Along with LUTs, embedded memory and DSP blocks, customers can also define their own custom functions to be included in the Speedcore eFPGA fabric. These customized blocks are integrated into the logic fabric alongside the traditional building blocks, greatly increasing the capability of the eFPGA by adding functions optimized to decrease area and/or increase performance of targeted applications, especially for embedded vision and image processing algorithms.
A good example of how custom blocks enable the ability of handling high-performance image processing is when implementing you only look once (YOLO), a state-of-the-art, real-time object detection algorithm using neural networks that offers greatly increased performance over earlier methods. This algorithm relies on a large number of matrix multipliers. When implemented in an FPGA, these matrix multipliers are built using DSP and RAM blocks. The problem arises in the mismatch between the optimal configuration of the DSP and RAM blocks needed by YOLO versus what is found in a typical FPGA fabric. For example, an FPGA fabric may offer DSP blocks with 18 × 27 multiplication/accumulation and 32 × 128 RAMs, where the optimal solution would be a fabric with 16 × 8 DSP blocks with 48 × 1024 RAMs. By creating custom blocks that implement the optimal DSP and RAM block configurations, the resulting Speedcore fabric uses 40% less die area to implement the same functionality as well as achieving a higher level of system performance.
System-Level Benefits of eFPGA IP
Embedding FPGA fabrics in SoCs provides two additional system-level benefits:
- Lower power – Programmable I/O circuitry accounts for half of the total power consumption of standalone FPGAs. An eFPGA has direct wire connections to other blocks within the host SoC, eliminating the need for large programmable I/O buffers altogether.

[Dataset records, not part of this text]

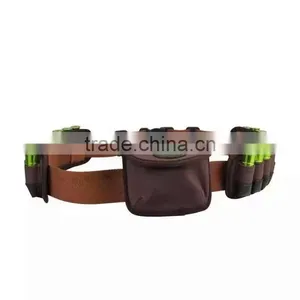 Outdoor Hunting Adjustable Tan Cow Leather Shotgun Shell Ammo Cartridge Belt thumbnail-1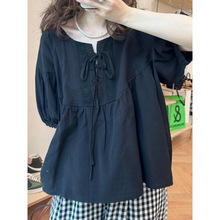 宽松娃娃衫上衣女夏季新款韩版圆领灯笼袖蕾丝系带遮肚子棉麻衬衫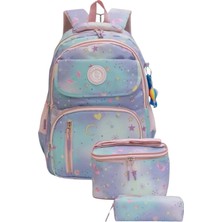 Liarca 1390 3 Lü Tam Ortopedik Renkli Desenli Okul Çanta Seti (Sırt Çantası + Beslenme Çantası + Kalemlik)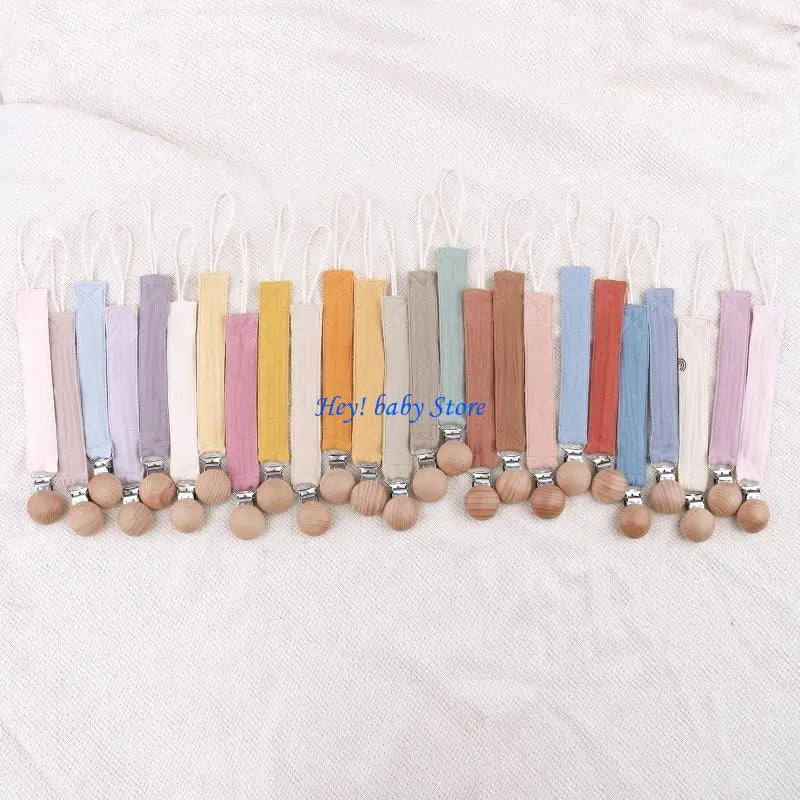 Baby Pacifier Clip Chain Holder | Cotton, Metal & Beech Wood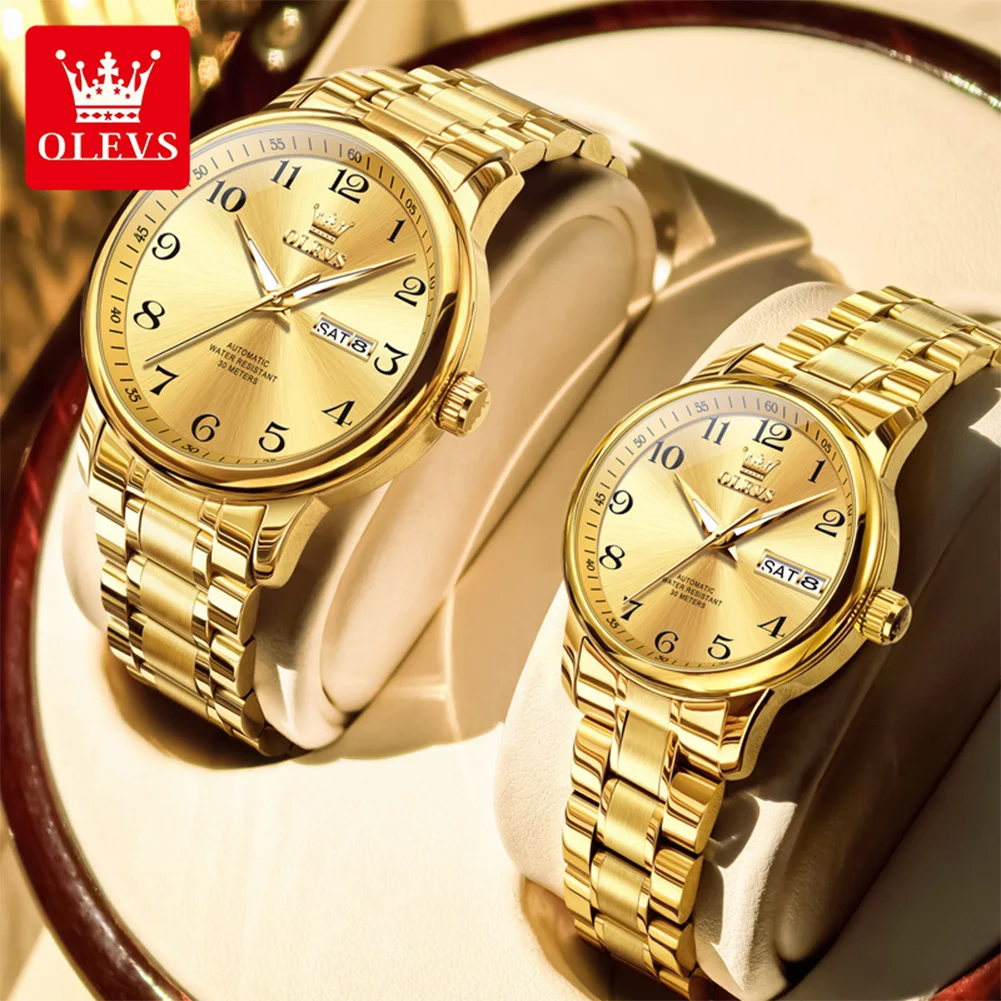 OLEVS 7072 Couple Watch Luxury Brand Fully Automatic Mechanical Watch Valentine's Day Gift Date Men's Women's Watch Gift Reloj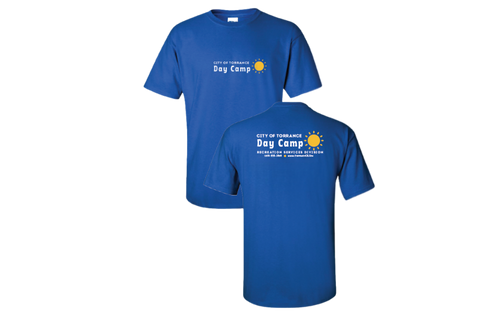 Front and back of Blue Torrance Day Camp shirt.
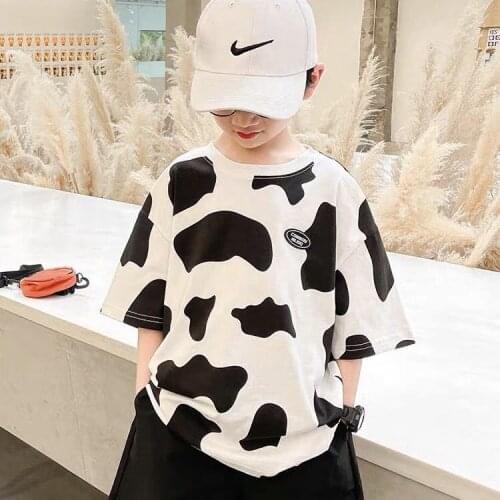 Summer Cotton Boy Short-Sleeved T-Shirt Popular Fashion Personality Casual Loose Thin Childens Streetwear Korean Top Pullover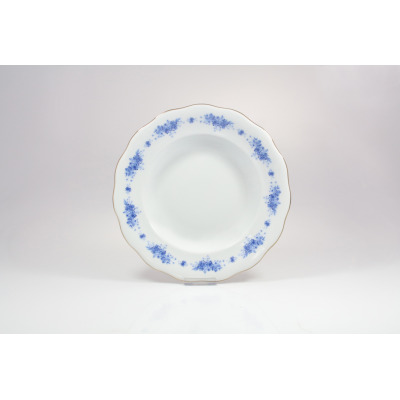 Talerz głęboki 22,5 cm Ćmielów G540 ALASKA z porcelany o falistym brzegu, zdobiony delikatnym, niebieskim motywem kwiatowym na białym tle ze złotą linią na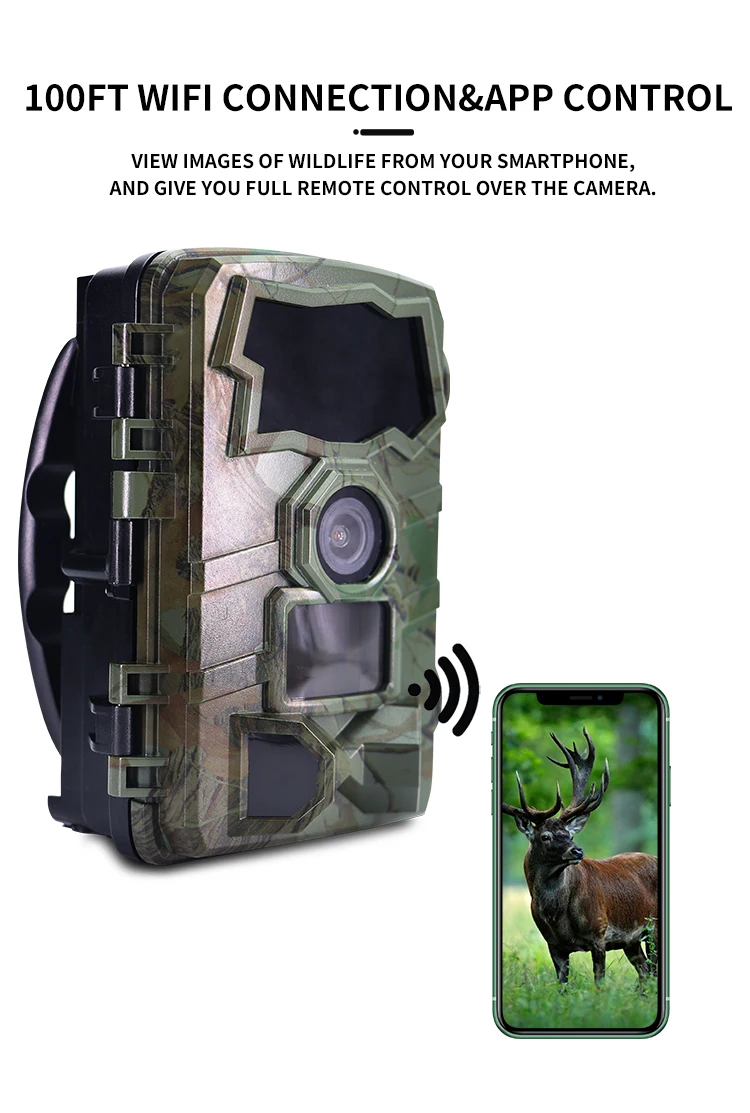 Outdoor WiFi Trail Camera Bluetooth 4K 32MP Game Camera 850NM Night Vision Motio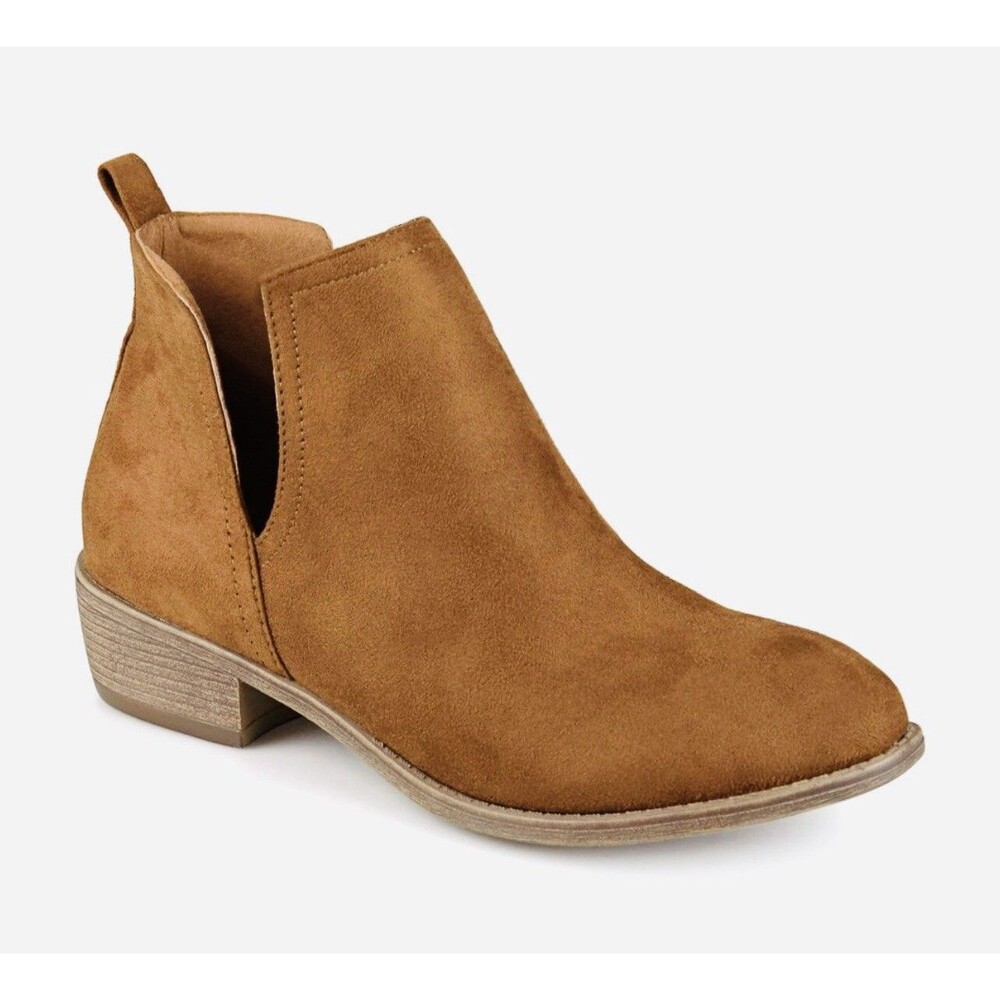 Journee Collection Womens Rimi Booties Vegan Suede Ankle Boots - Camel - Size 6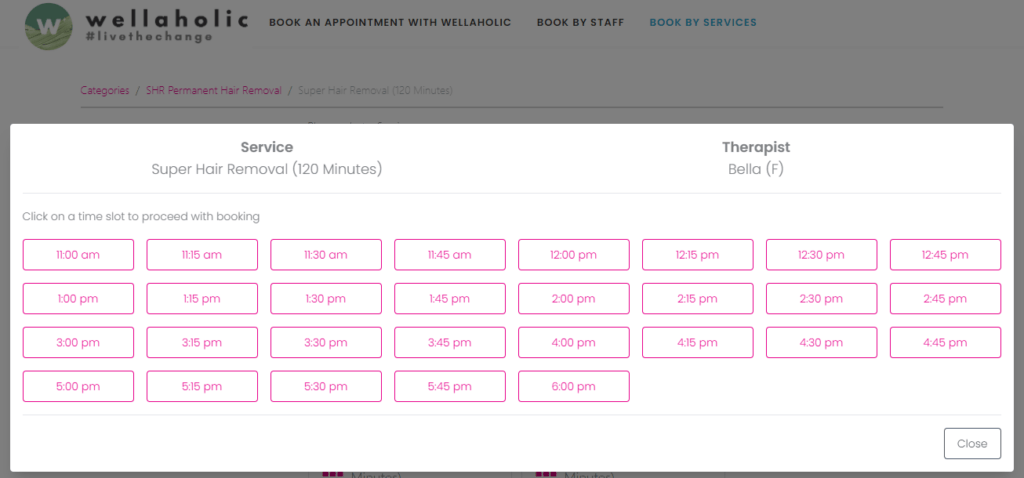 View of available slots based on search criteria in previous screen will appear. Select a timeslot’s Start Time to proceed with booking.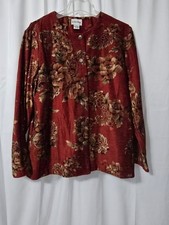 Alfred Dunner Women's Burgundy/Red Paisley Flowers Grandma Blazer Size 14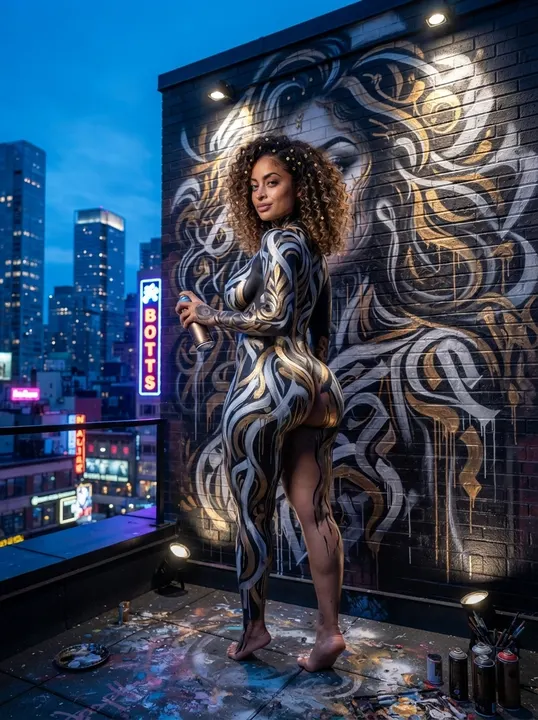 AI image: On a city rooftop at dusk, from behind, beside a lettered mural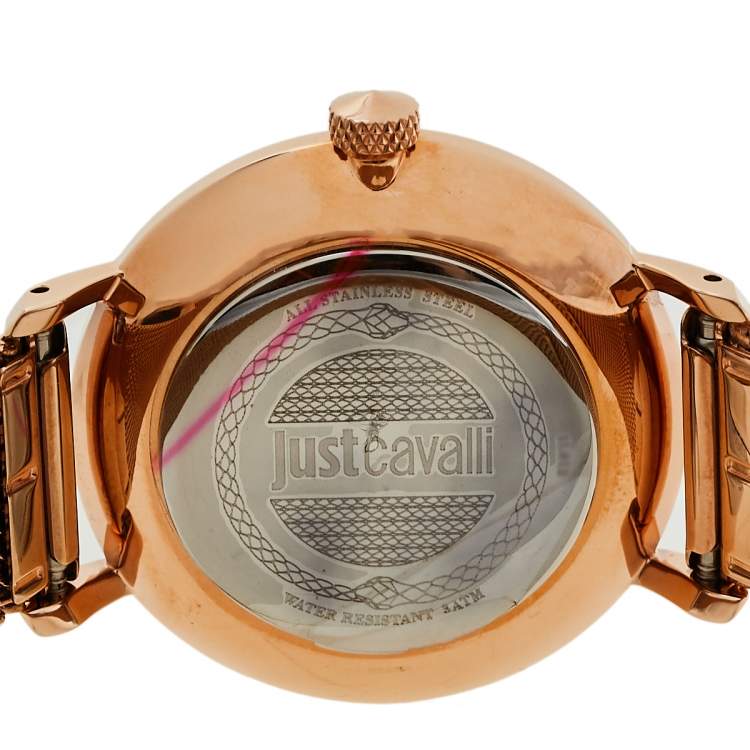 مملوكة مسبقًا Just Cavalli White Rose Gold Tone Stainless Steel JC1L012M0085 Women's Wristwatch 34 mm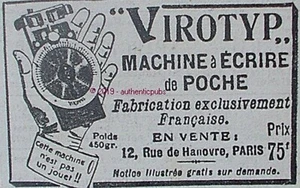 PUBLICITE VIROTYP MACHINE A ECRIRE DE POCHE BUREAU DE 1919 FRENCH AD PUB RARE - Picture 1 of 1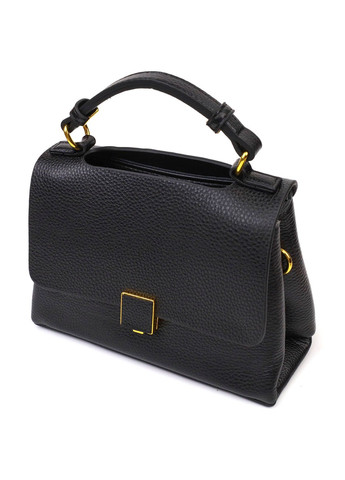 Жіноча стильна сумка з натуральної шкіри 22074 Чорна Vintage (260360886)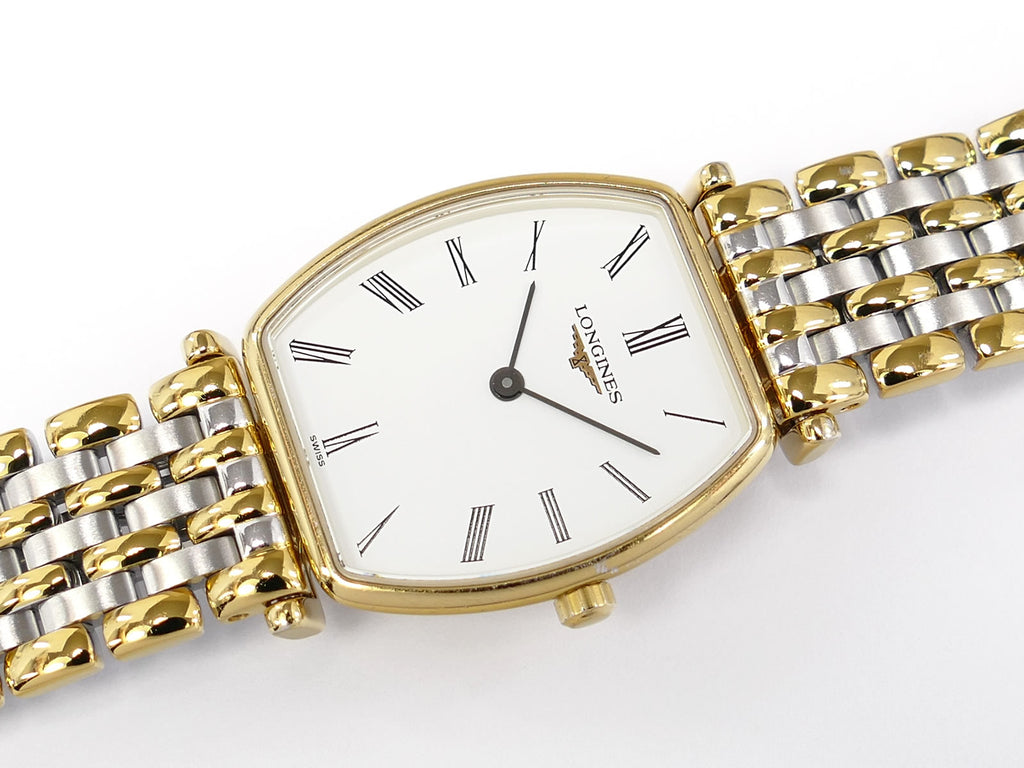 Longines La Grande Classique Gold PVD Tonneau L4.205.2.11.7 White Roman Numeral Dial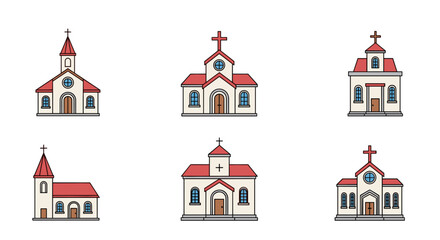 Fototapeta premium Collection of diverse religious buildings churches and chapels with crosses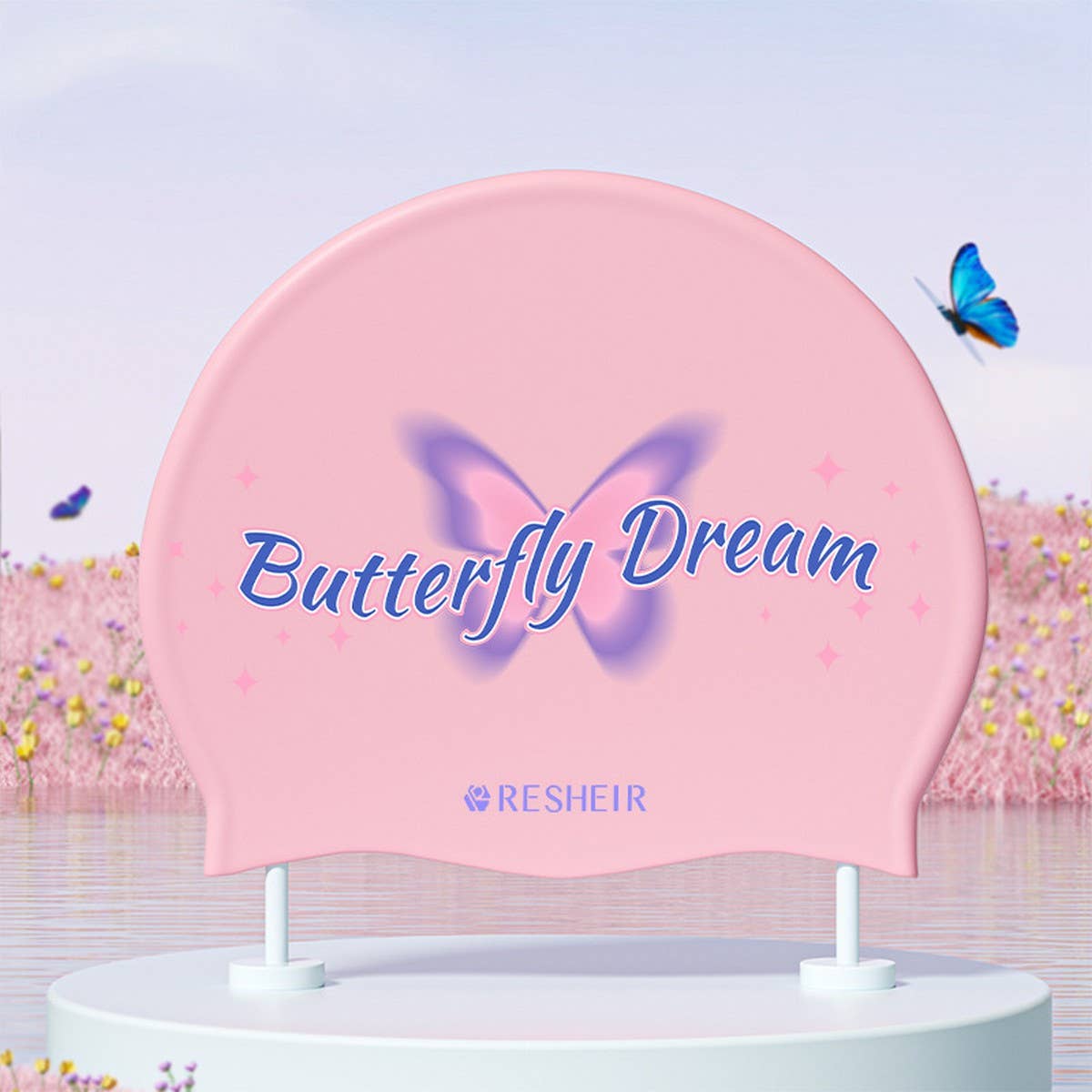 Women's Silicone Swim Cap, Long Hair, Ear Cover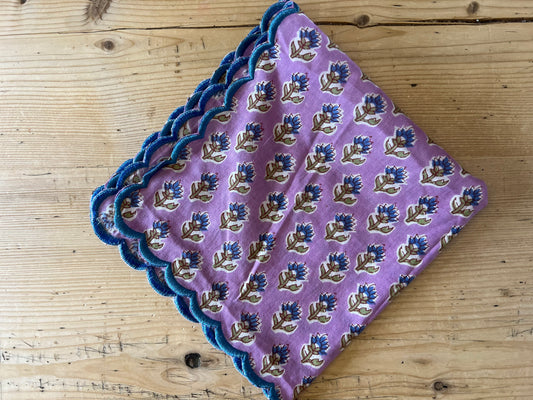 Purple and Blue Scalloped Napkins x 6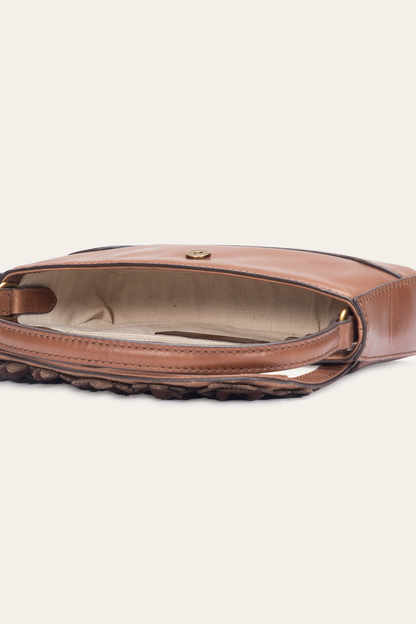 Cognac Melissa Floral Convertible Mini Flap | Frye Signature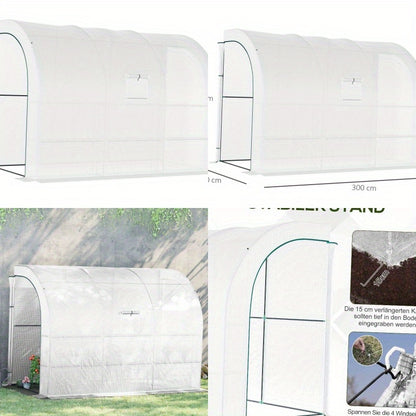 Kweektent – Growtent – Growbox – Plantenkas – Kweekkast – Stevig Stalen Frame – 300x150x213 cm – Winterbestendige Transparante Folie – Wit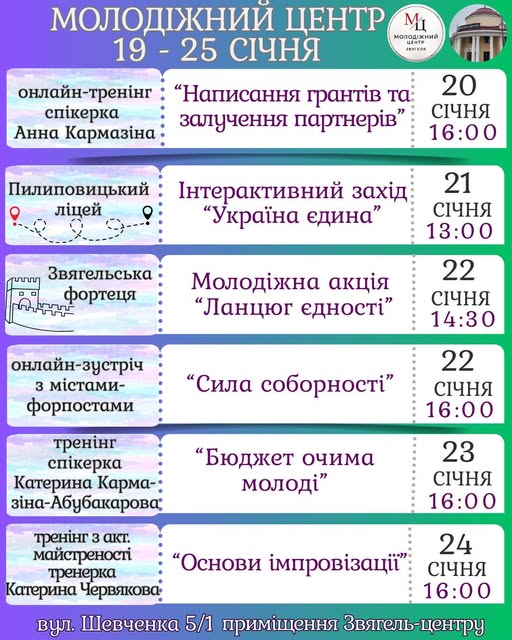 Молодіжний центр Звягеля запрошує до участі у заходах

- Lower system cost – The die size of an eFPGA is much smaller than an equivalent standalone FPGA as the eFPGA can be sized for the specific target function. Additionally, functions in standalone FPGAs like programmable I/O buffers and interface logic are not needed in the eFPGA.
With ultra low-latency and real-time processing driving the need for efficient implementation of 360° view vision-based systems, Speedcore eFPGAs with custom blocks, working in tandem with a CPU in the same host SoC, are ideally suited to implement dedicated functionality such as object detection and image recognition, warping and distortion correction and ultimately the stitching together of the final images.